Possible Duplicate:
Is it possible to print out the size of a C++ class at compile-time?
Can I output the size of an object at compile time? Since the compiler already has this information when it is compiling a source file, can I see it (at compile time) rather than going through the lengthy process of outputting the size somewhere in my application's console or the debug output window?
This will be very useful especially when I am able to compile single source files which saves me tremendous amounts of time when working on large projects.
Yes. The possible duplicate prints the size as error message, which means the compilation will not succeed.

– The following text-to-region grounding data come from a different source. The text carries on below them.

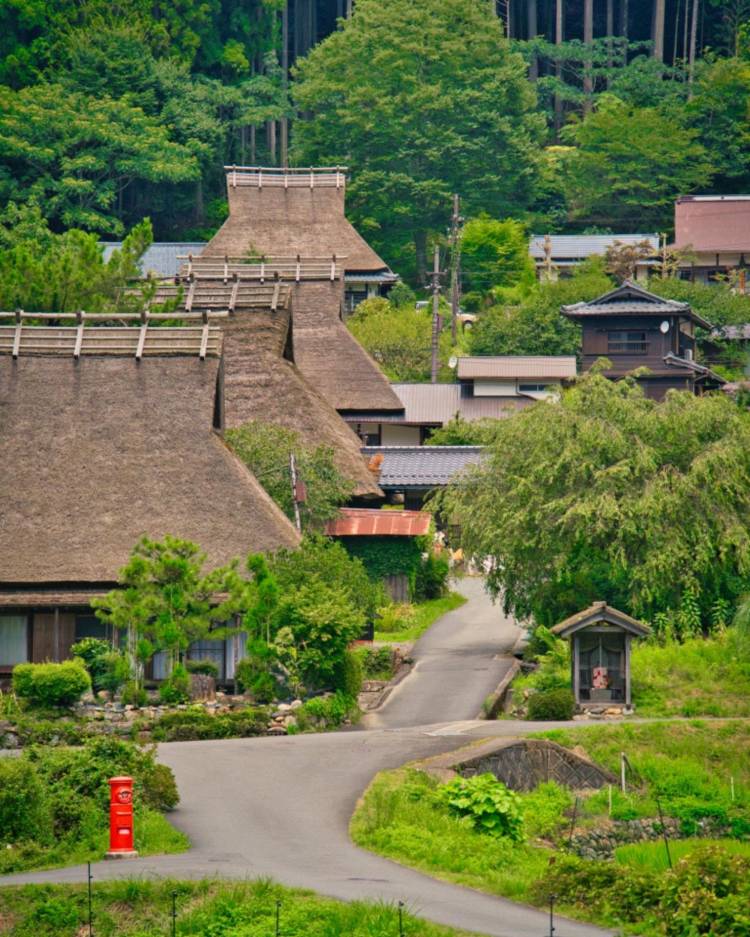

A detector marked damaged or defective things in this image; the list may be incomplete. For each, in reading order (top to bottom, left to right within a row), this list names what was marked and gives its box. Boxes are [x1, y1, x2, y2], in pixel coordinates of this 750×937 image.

red rusted roof [326, 508, 432, 536]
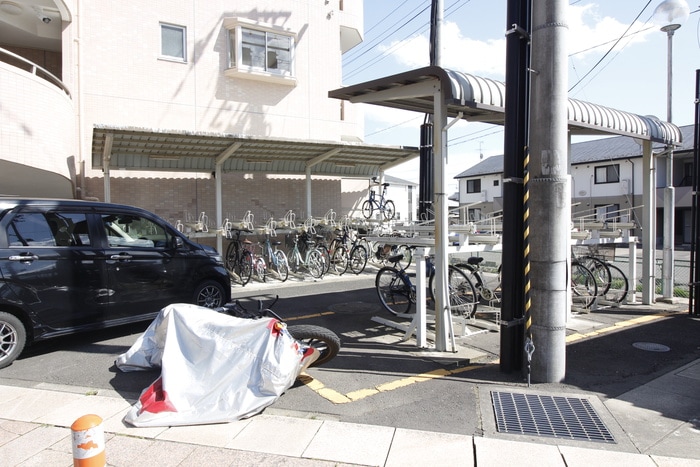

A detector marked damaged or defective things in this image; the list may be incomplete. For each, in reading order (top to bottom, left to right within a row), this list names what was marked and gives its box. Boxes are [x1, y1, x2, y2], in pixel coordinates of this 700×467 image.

exposed bicycle tire [374, 266, 412, 316]
exposed bicycle tire [288, 324, 342, 368]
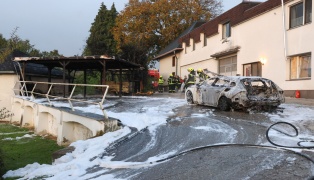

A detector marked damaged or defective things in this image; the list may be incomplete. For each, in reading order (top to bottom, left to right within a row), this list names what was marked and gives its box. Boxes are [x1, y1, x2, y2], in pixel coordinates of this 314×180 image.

burned car [185, 75, 286, 111]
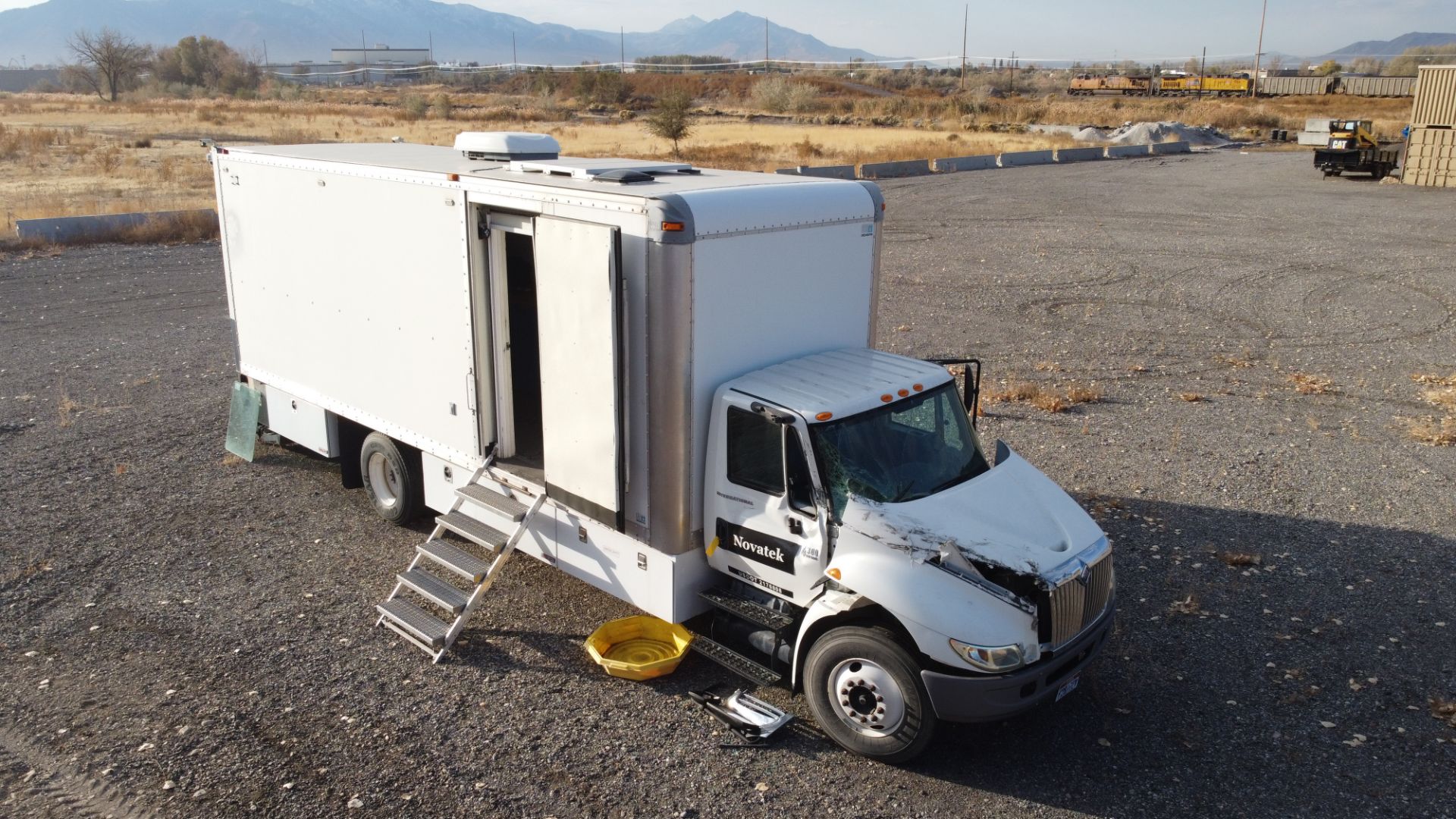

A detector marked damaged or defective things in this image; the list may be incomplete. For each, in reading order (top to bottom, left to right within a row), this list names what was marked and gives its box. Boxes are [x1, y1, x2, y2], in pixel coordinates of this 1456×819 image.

crumpled hood [844, 443, 1100, 576]
damaged front bumper [920, 600, 1112, 720]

However, my solution prints the size as warning message, which means, it will print the size, and the compilation will continue.
template<int N>
struct print_size_as_warning
{
char operator()() { return N + 256; } //deliberately causing overflow
};
int main() {
print_size_as_warning<sizeof(int)>()();
return 0;
}
Warning message:
prog.cpp: In member function ‘char print_size_as_warning<N>::operator()() [with int N = 4]’:
prog.cpp:8: instantiated from here
prog.cpp:4: warning: overflow in implicit constant conversion
Demo : http://www.ideone.com/m9eg3
Note : the value of N in the warning message is the value of sizeof(int)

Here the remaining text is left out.